Lincoln scholar Edward Achorn’s new book, The Lincoln Miracle, recounts the artful maneuvering that enabled a coarse, little-known, Illinois circuit court lawyer to best several nationally prominent politicians for the job that would soon witness the rupture of the Republic. For fans of political wheeling and dealing, who find brokered conventions, Electoral College forecasts, and the down-ticket impacts of state voting trends engrossing, this is a grand book documenting a milestone in the formation of the Grand Old Party. Achorn’s brisk, 400-page account is replete with all the bribery, patronage, rumors, back-stabbing, whiskey, cigars, and political calculus that went into the most consequential Presidential nomination in our history.
The 1860 convention took place in Chicago, a neutral site that leading candidate William Seward, former Governor and two-term Senator from New York, hoped would facilitate his nomination. The City of the Big Shoulders becomes a metaphor for the young party and the burgeoning North, tough and robust, enterprising and industrious. Achorn captures the teeming vitality of the city in all its “stormy, husky, brawling” power. The Lincoln campaign apparatus used their home court advantage to full effect when staging convention demonstrations, voice votes, and delegation seating arrangements to manipulate the eventual results.

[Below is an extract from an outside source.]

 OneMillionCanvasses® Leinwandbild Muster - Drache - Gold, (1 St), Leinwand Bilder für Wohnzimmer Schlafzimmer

Seward, who would later become Lincoln’s Secretary of State, alienated moderate Republicans with his abolitionist rhetoric. Indeed, the South thought Seward the far more radical of the two, with his blunt assessment of the “irrepressible conflict” facing a nation half-slave and half-free. Seward was also too closely tied to the corrupt New York political machine to suit the Republicans’ reformist wing, which eagerly sought to cleanse Washington of Democratic Party graft.
Early on Achorn shows Lincoln to be a canny and disciplined politician, willing to suspend grandiose moral gestures while remaining singularly focused on the one issue able to keep the fledgling Republican Party united—blocking the expansion of slavery into the western territories. In 1860, advocating the complete abolition of slavery, though unimpeachable in its intent, would have shattered the coalition that survived to accomplish that righteous goal just three years later.
Yet, whichever of these men ultimately prevailed, the “radical” Seward or the “moderate” Lincoln, the South was already itching to bolt from the Union. The scales of representation in Washington had always been skewed in the South’s favor thanks to the 3/5th’s rule embedded in the Constitution, which artificially inflated its numbers in Congress. With the looming admission of more free states, her days of disproportionate power were numbered.
With the Democratic Party badly fractured over whether to force the expansion of slavery into newly admitted Western states by fiat or to gamble its ratification through individual referendums, whoever won the Republican nomination of 1860 faced the likelihood of winning the Presidency while triggering Southern secession and civil war. Only a strongly pro-slavery President could have stopped it. Achorn’s account makes clear that the slavery problem was very much on the minds of Republican candidates and delegates, as well as their Democratic counterparts.
The book belies—as so many well-researched books of the period do—the notion that slavery was only a peripheral cause of the Civil War. Slavery remained an existential concern—its proliferation, its extension, its containment, its eradication, its immorality, its hypocrisy—one that could no longer be deferred as the country fractured and exploded like a long-smoldering volcano. Confederate apologists may continue to obfuscate the slave-power’s motivations for war, to dress plantationism in Constitutionalist finery, but Edward Achorn reminds us that in 1860, to slave or not to slave was the essential question.
With the 21st century nation again facing a fork in the Constitutional road, the old anti-democratic adversaries of proportional representation, universal legal equality, intellectual and corporal freedom, and national infrastructure are echoing their ante-bellum forebears. In 1860, the political stars aligned to elect Abraham Lincoln as President and the ultimate savior of the Republic. Let us hope Providence looks after us again in the days ahead.
Jim Swearingen is a Minneapolis-based writer.